Managing Risks Effectively

There are insufficient resources to remediate all risks to all infrastructuresfrom all threats and hazards at all times. Accordingly, DOD will apply a risk management approach to protecting DCI. DOD must know what infrastructure assets are critical to DOD missions, what vulnerabilities the assets have, and what threats and hazards to the assets exist. Armed with this risk assessment information, decision makers can make informed risk management decisions and apply appropriate risk management response measures.

Defense Critical Infrastructure in a Global Environment

DOD relies on infrastructure consisting of physical, human, and information assets. Such infrastructure includes DOD assets, other Government (non-DOD) assets, and privately owned assets, both domestic and foreign . These assets provide the operational and technical capabilities required to project, support, and sustain military forces and operations worldwide. The DCIP focuses on domestic and foreign assets that are critical to DOD missions. Some of these assets reside on military installations and/or are owned, leased, or operated by DOD. DCIP can take direct steps to manage risks to these assets.

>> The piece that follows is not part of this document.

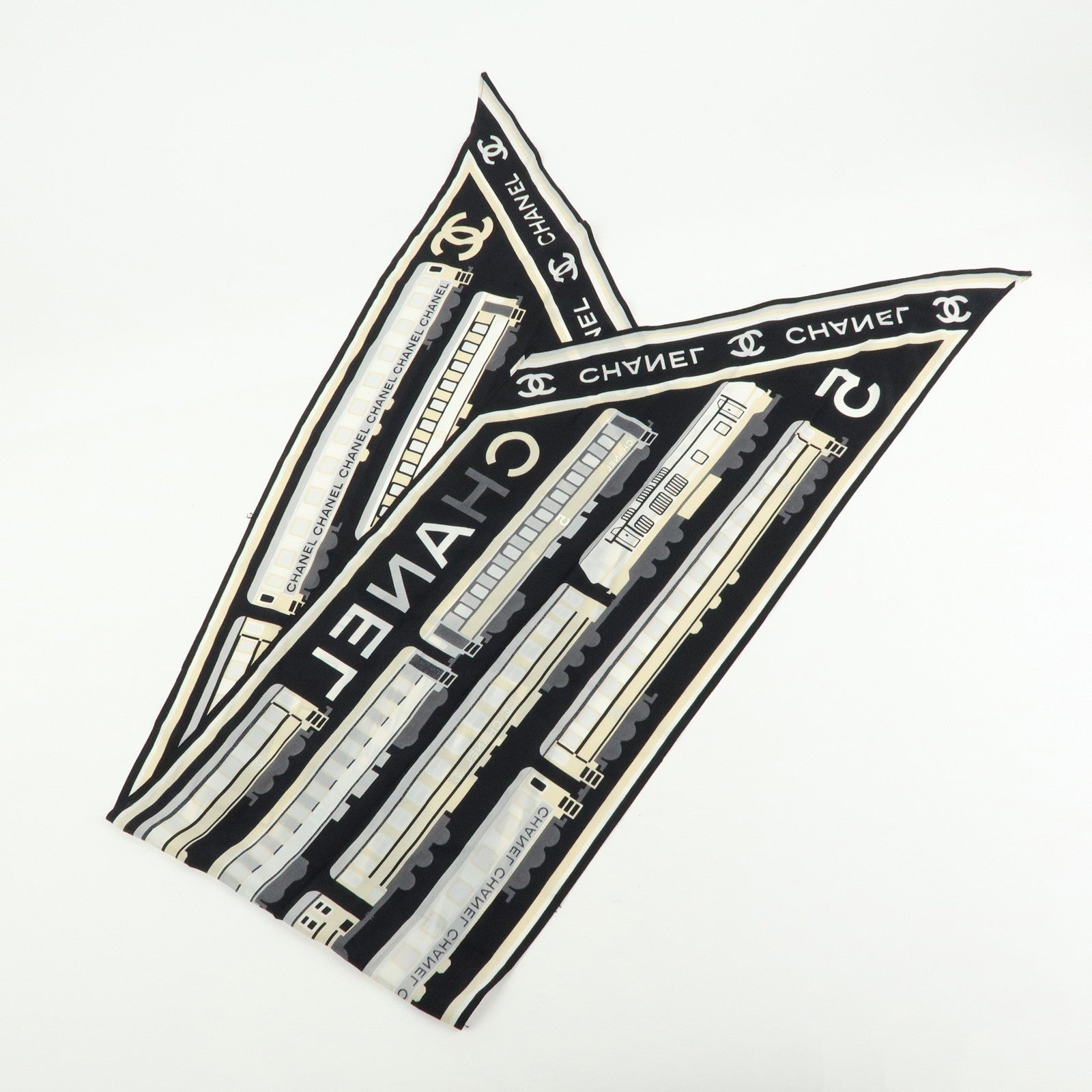CHANEL COCO Mark Silk100% Train Scarf Shawl Black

Other assets that are not owned by DOD, but support its missions, include other Government-owned assets, commercial assets, foreign assets, and DIB assets. Although DOD may be limited in the direct application of resources for their protection, identifying non-DOD owned assets is crucial to the risk management framework. DOD must therefore work collaboratively with these asset owners to encourage and facilitate the management of risks to these assets.